- [TASK TO CARRY OUT] Word for word, repeat the data; no picture should appear in the result.

- [DATA EXCERPT]
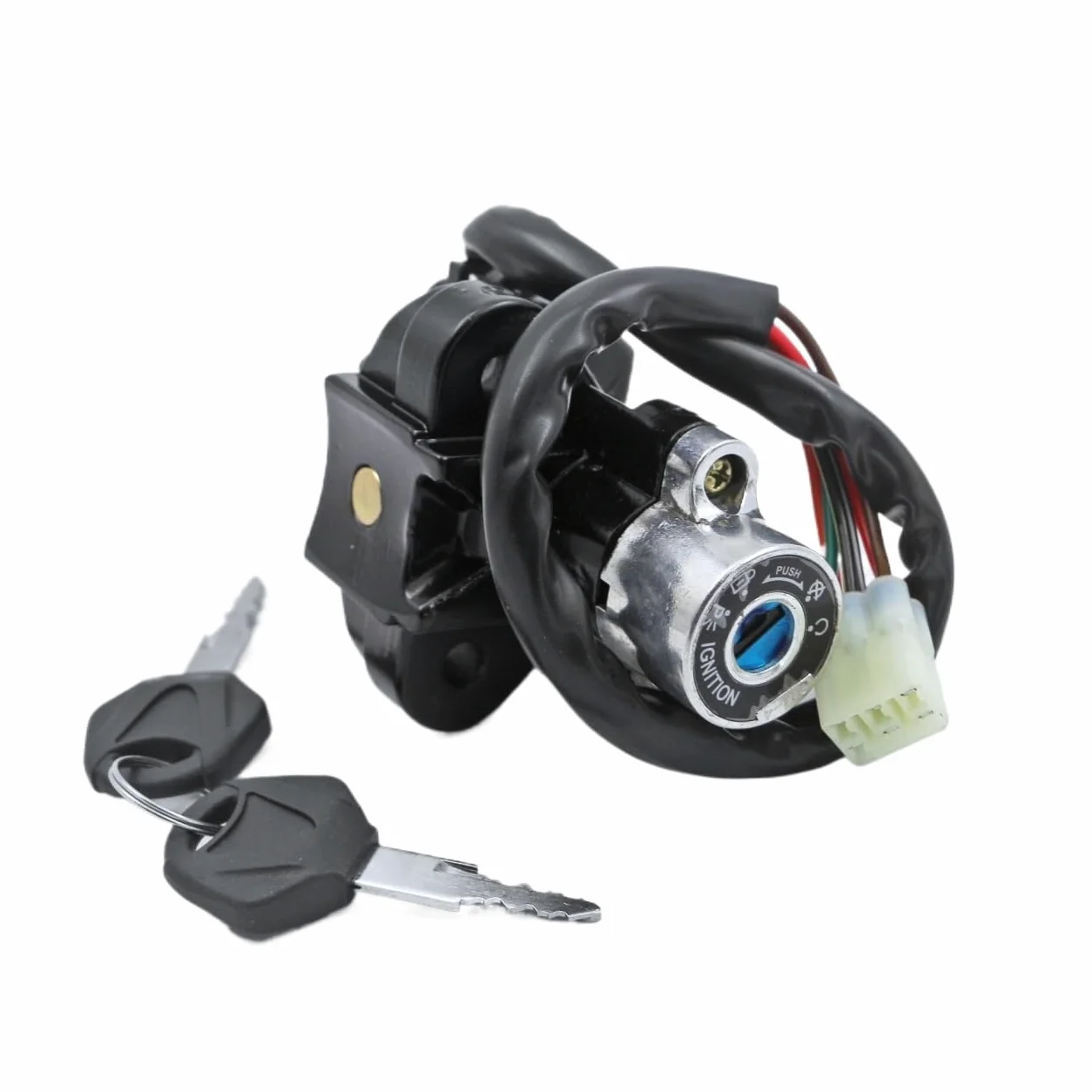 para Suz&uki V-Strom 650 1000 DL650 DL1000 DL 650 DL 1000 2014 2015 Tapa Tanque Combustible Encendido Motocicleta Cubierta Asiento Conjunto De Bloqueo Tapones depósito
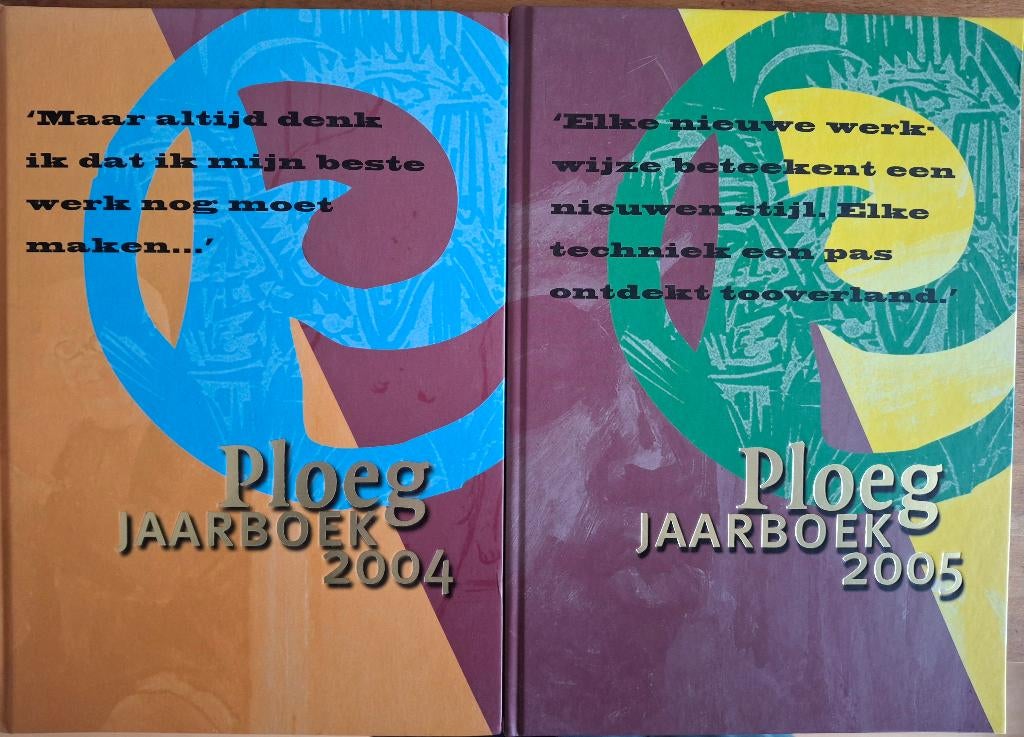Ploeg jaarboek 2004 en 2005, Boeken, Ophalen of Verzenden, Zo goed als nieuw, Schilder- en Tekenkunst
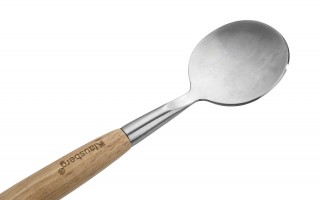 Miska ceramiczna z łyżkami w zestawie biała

- [ANSWER SECTION]
 para Suz&uki V-Strom 650 1000 DL650 DL1000 DL 650 DL 1000 2014 2015 Tapa Tanque Combustible Encendido Motocicleta Cubierta Asiento Conjunto De Bloqueo Tapones depósito
Ploeg jaarboek 2004 en 2005, Boeken, Ophalen of Verzenden, Zo goed als nieuw, Schilder- en Tekenkunst
 Miska ceramiczna z łyżkami w zestawie biała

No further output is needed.